The comment period on proposed recommendations concerning a New York transmission line project recently ended. An environmental group is calling for the whole process to be put on hold. Others with concerns don’t go as far.
The New York State Public Service Commission Advisory Staff Recommendations are for the procedural proposal process, cost recovery, cost allocation, and risk-sharing for the Alternating Current Transmission Upgrade proceeding; that is, to develop at least 1,000 megawatts of new transmission capacity, with the expansion of more than 150 miles of transmission lines. Ned Sullivan is president of Poughkeepsie-based environmental group Scenic Hudson, part of the Hudson Valley Smart Energy Coalition.
“We are calling on the Public Service Commission to reject this ill- conceived staff proposal and to terminate this proceeding until it completes a separate, ongoing proceeding that it is conducting that is aimed at developing a blueprint for a 21st century energy system.”
The coalition is focused on portions of the proposed lines that would pass through seven counties and 25 towns in the Hudson Valley, ultimately reaching their destination in Dutchess County. Democratic Assemblymember Didi Barrett’s district includes portions of Dutchess and Columbia Counties. She, too, submitted a comment letter to the PSC.
“Well, I just really feel that we spent a lot of time and our community spent a lot of time sharing our feelings with the PSC and with these developers,” says Barrett. “And this particular set of advisory outline didn’t address any of that.”
She says her region is already feeling the economic impact before anything has happened, with property values going down. A spokesman says the PSC has established a robust public participation and stakeholder input process in this proceeding and that comments will be closely considered as the PSC conducts its review. In response to criticism about need, the PSC spokesman says constraints on the state's electric transmission system are leading to significant transmission congestion and contributing to higher energy costs and reliability concerns, causing consumers in the lower Hudson Valley to pay $280 million annually in higher electric costs, primarily because of this congestion. Again, Sullivan.

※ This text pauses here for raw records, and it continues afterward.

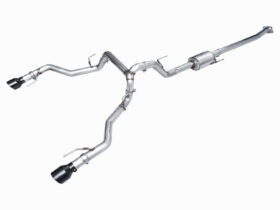 AWE Non-Resonated Exhaust for the 2021-2023 Ford F-150 Tremor 2.7/3.5L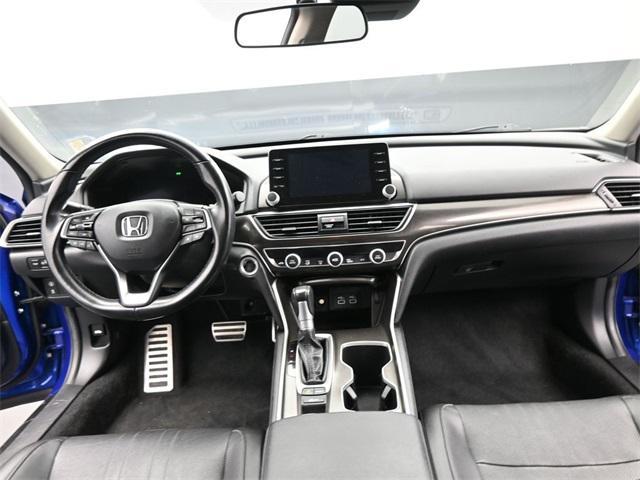 used 2021 Honda Accord car, priced at $23,888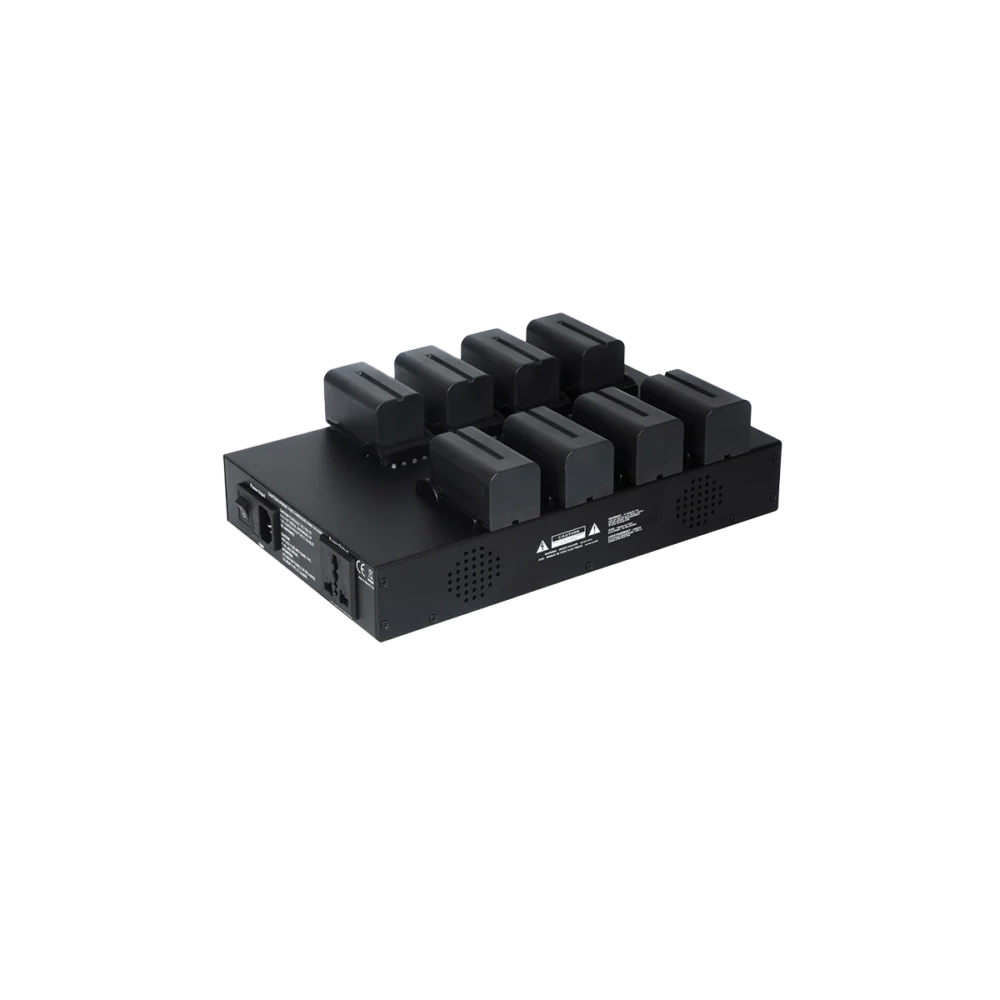 Cargador para baterías VISSONIC VIS-WCH1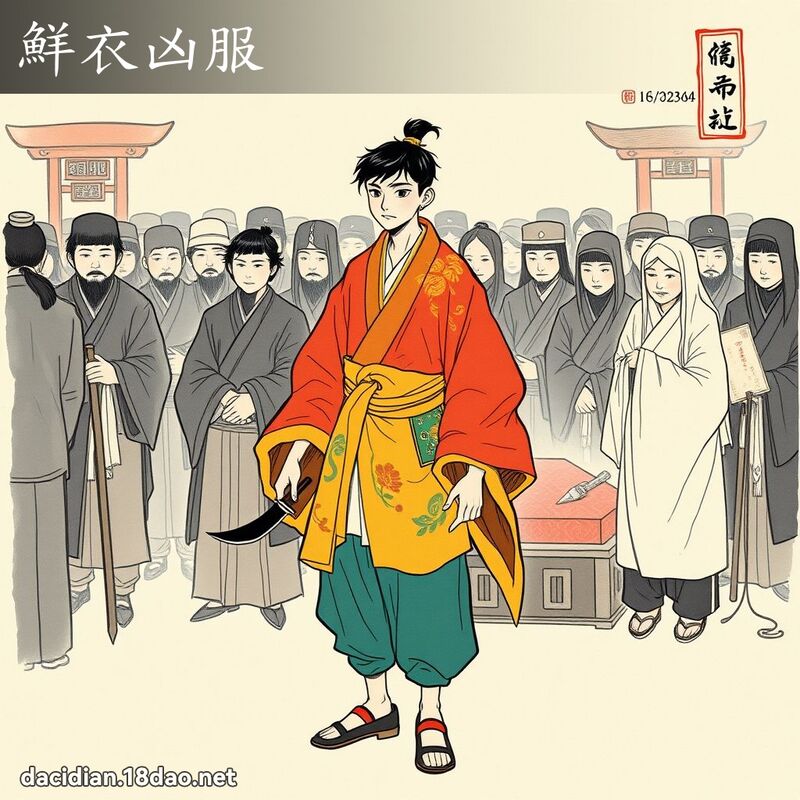 鲜衣凶服 配图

“First, there is no requirement for a documentation of need. Second, there are at least four other transmission and generating projects that are farther along in securing permits and priority for dispatch. These are not considered by the staff proposal for the transmission proceeding,” says Sullivan. “Next, there is no information about to how much weight will be given to Governor Cuomo’s policy directive to keep the transmission lines within utility corridors.”
The PSC spokesman responds by saying it is not clear which projects will be built, and the Commission will consider the effect of all such projects when it makes its determination of the basis of any need in these cases. He adds that the Commission has from the beginning emphasized the importance of using existing rights-of-way and has asked the developers to refine their original proposals to further minimize impacts to adjacent landowners. Sullivan criticizes recommendations concerning cost.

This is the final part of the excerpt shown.